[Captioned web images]
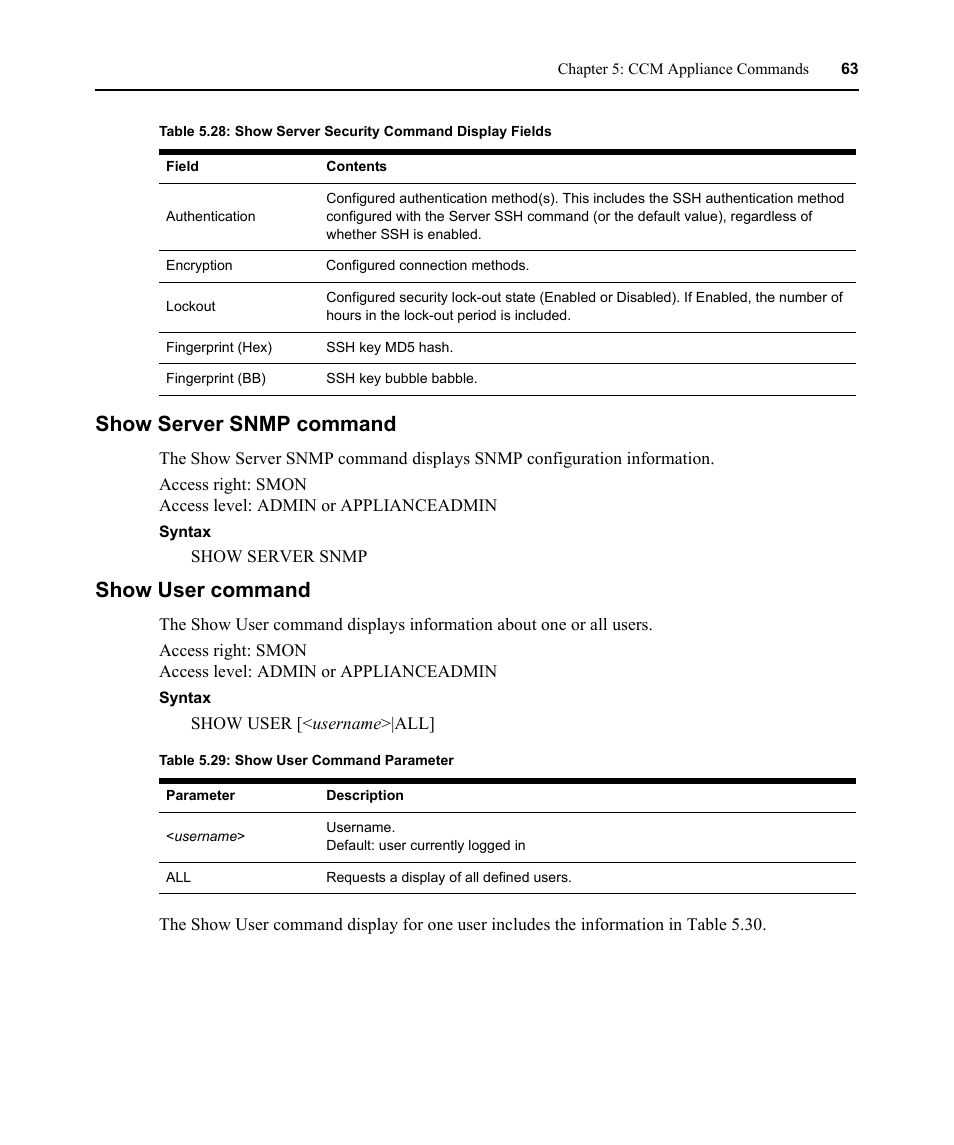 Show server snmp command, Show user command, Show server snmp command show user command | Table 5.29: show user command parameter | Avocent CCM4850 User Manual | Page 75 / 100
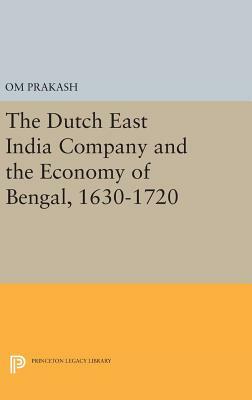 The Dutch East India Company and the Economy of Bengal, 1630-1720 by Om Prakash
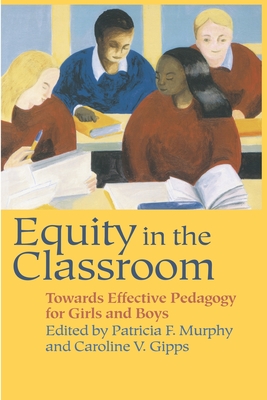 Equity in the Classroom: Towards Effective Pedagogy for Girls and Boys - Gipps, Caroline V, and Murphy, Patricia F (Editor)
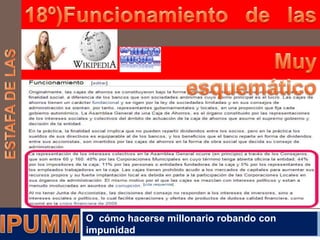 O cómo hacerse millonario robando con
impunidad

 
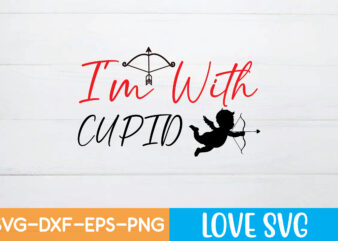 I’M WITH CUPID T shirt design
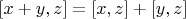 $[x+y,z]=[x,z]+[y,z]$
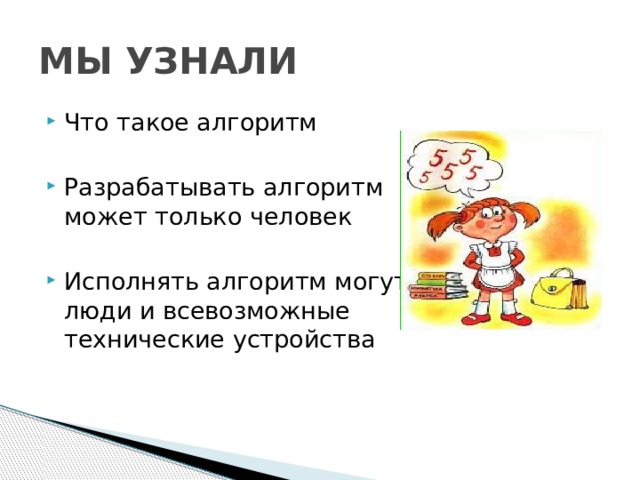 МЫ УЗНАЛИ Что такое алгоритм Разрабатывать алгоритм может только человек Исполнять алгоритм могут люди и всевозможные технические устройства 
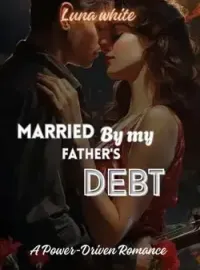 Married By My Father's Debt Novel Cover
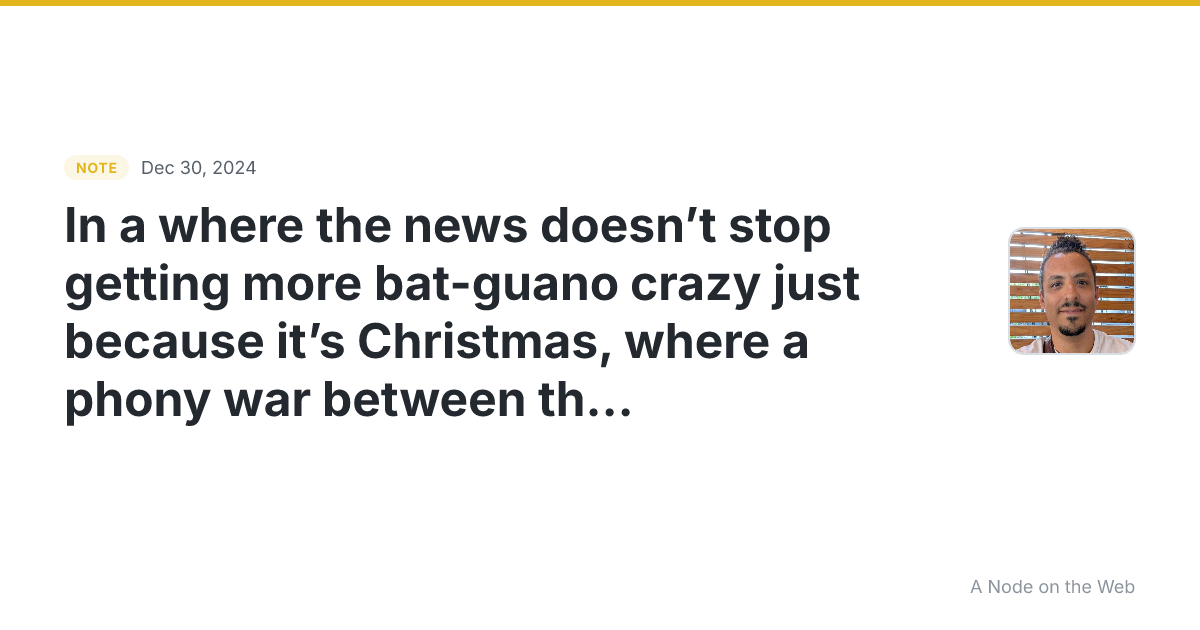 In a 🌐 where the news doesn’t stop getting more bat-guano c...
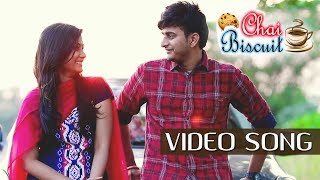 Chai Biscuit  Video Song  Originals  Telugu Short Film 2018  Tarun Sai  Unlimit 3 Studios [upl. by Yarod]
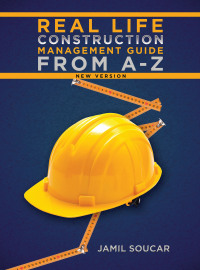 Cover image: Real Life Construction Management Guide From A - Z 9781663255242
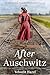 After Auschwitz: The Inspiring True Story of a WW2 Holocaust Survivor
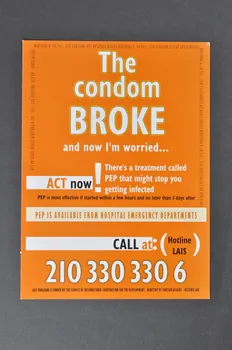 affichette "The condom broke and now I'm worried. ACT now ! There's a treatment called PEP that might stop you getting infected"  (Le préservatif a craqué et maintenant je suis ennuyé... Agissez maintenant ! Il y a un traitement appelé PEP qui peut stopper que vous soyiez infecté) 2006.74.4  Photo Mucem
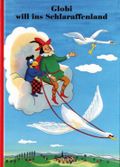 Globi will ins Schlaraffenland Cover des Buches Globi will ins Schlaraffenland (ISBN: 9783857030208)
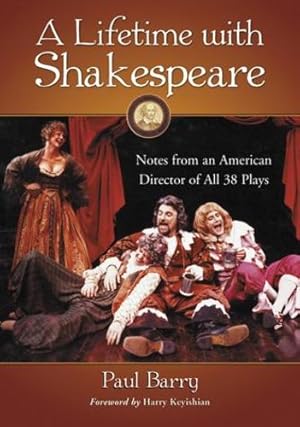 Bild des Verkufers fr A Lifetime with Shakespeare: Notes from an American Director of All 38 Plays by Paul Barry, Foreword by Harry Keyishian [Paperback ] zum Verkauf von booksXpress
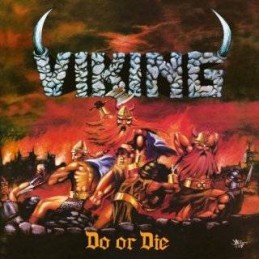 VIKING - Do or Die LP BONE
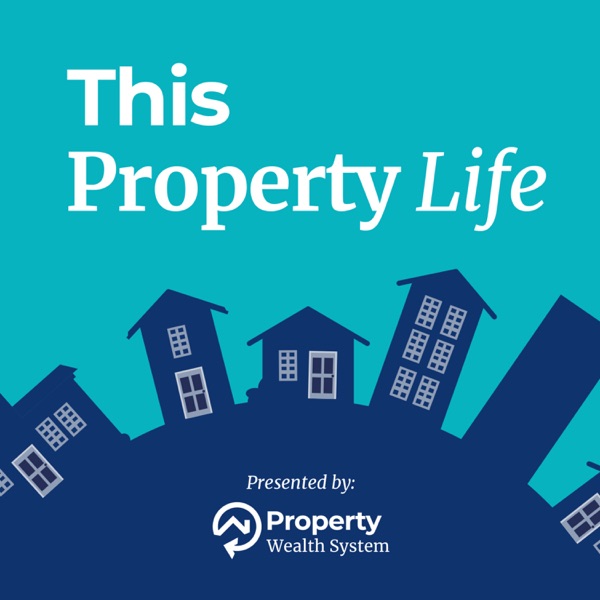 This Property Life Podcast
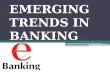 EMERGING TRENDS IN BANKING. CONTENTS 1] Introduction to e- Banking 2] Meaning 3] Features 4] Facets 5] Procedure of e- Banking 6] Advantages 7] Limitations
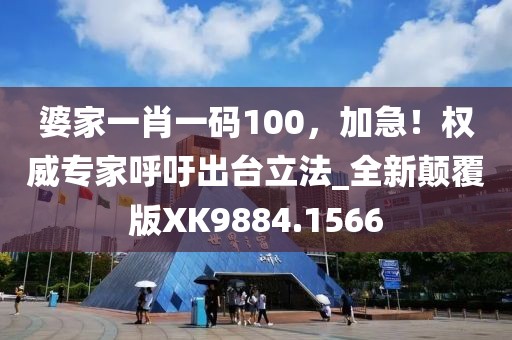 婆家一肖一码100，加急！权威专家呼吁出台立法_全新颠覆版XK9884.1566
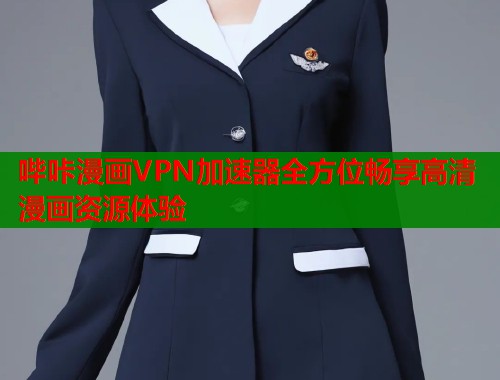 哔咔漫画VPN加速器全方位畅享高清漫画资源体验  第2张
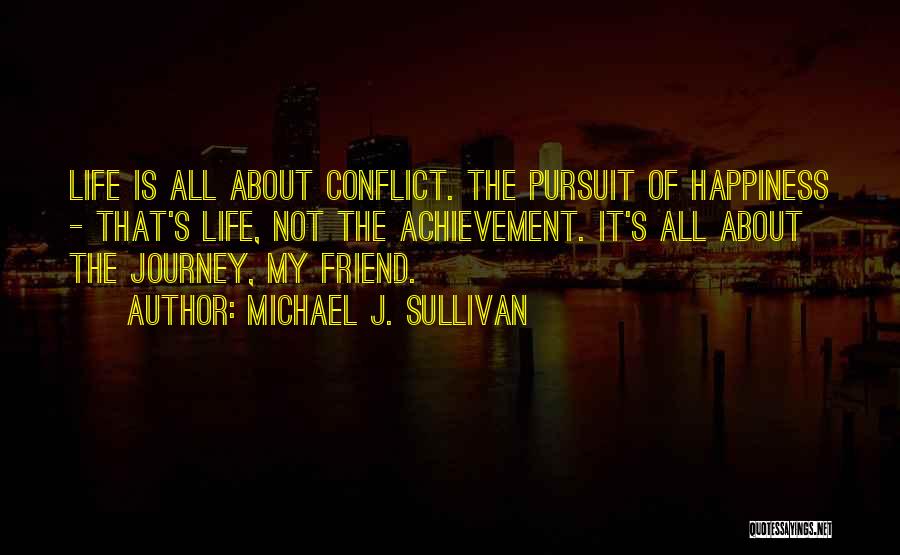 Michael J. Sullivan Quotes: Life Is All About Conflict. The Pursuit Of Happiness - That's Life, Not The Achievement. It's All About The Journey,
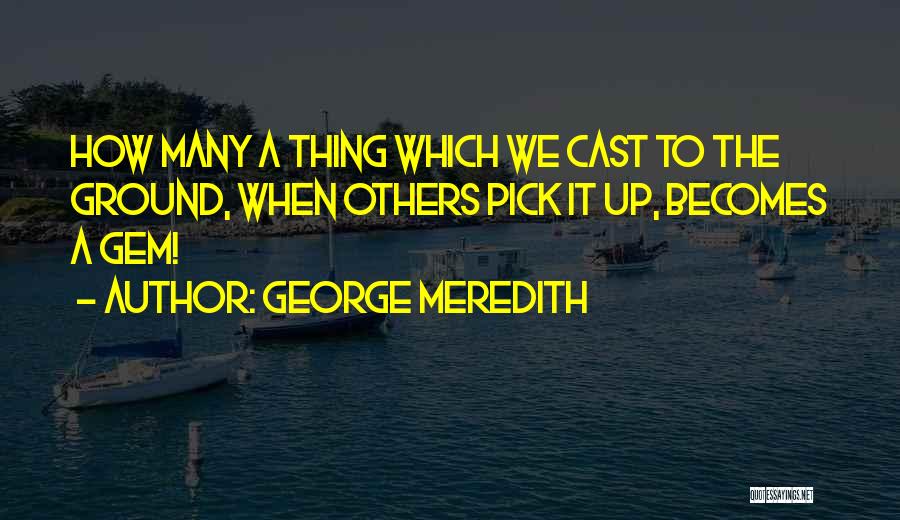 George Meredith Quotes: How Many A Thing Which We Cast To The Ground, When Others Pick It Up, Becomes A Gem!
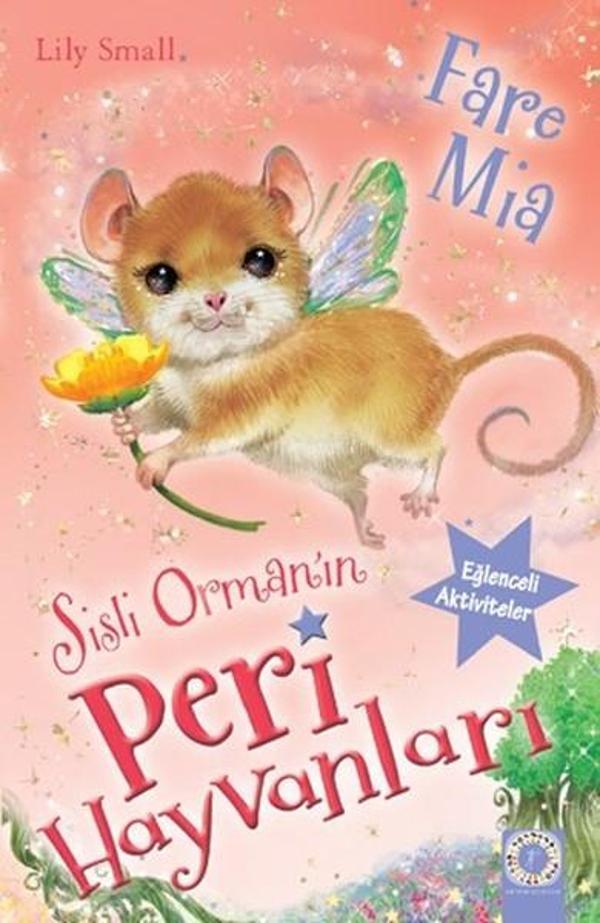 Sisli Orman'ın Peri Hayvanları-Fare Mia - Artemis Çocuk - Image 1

(Work to be completed): Repeat the preceding records precisely, and leave every picture out of the copy.

(Finished exercise):
 Show server snmp command, Show user command, Show server snmp command show user command | Table 5.29: show user command parameter | Avocent CCM4850 User Manual | Page 75 / 100
 The Dutch East India Company and the Economy of Bengal, 1630-1720 by Om Prakash
 Equity in the Classroom: Towards Effective Pedagogy for Girls and Boys - Gipps, Caroline V, and Murphy, Patricia F (Editor)
 O cómo hacerse millonario robando con
impunidad

 
 I’M WITH CUPID T shirt design
 $[x+y,z]=[x,z]+[y,z]$
 МЫ УЗНАЛИ Что такое алгоритм Разрабатывать алгоритм может только человек Исполнять алгоритм могут люди и всевозможные технические устройства 
 Married By My Father's Debt Novel Cover
 In a 🌐 where the news doesn’t stop getting more bat-guano c...
 Chai Biscuit  Video Song  Originals  Telugu Short Film 2018  Tarun Sai  Unlimit 3 Studios [upl. by Yarod]
 Cover image: Real Life Construction Management Guide From A - Z 9781663255242
 After Auschwitz: The Inspiring True Story of a WW2 Holocaust Survivor
 affichette "The condom broke and now I'm worried. ACT now ! There's a treatment called PEP that might stop you getting infected"  (Le préservatif a craqué et maintenant je suis ennuyé... Agissez maintenant ! Il y a un traitement appelé PEP qui peut stopper que vous soyiez infecté) 2006.74.4  Photo Mucem
 Globi will ins Schlaraffenland Cover des Buches Globi will ins Schlaraffenland (ISBN: 9783857030208)
 Bild des Verkufers fr A Lifetime with Shakespeare: Notes from an American Director of All 38 Plays by Paul Barry, Foreword by Harry Keyishian [Paperback ] zum Verkauf von booksXpress
 VIKING - Do or Die LP BONE
 This Property Life Podcast
 EMERGING TRENDS IN BANKING. CONTENTS 1] Introduction to e- Banking 2] Meaning 3] Features 4] Facets 5] Procedure of e- Banking 6] Advantages 7] Limitations
 婆家一肖一码100，加急！权威专家呼吁出台立法_全新颠覆版XK9884.1566
 哔咔漫画VPN加速器全方位畅享高清漫画资源体验  第2张
 Michael J. Sullivan Quotes: Life Is All About Conflict. The Pursuit Of Happiness - That's Life, Not The Achievement. It's All About The Journey,
 George Meredith Quotes: How Many A Thing Which We Cast To The Ground, When Others Pick It Up, Becomes A Gem!
 Sisli Orman'ın Peri Hayvanları-Fare Mia - Artemis Çocuk - Image 1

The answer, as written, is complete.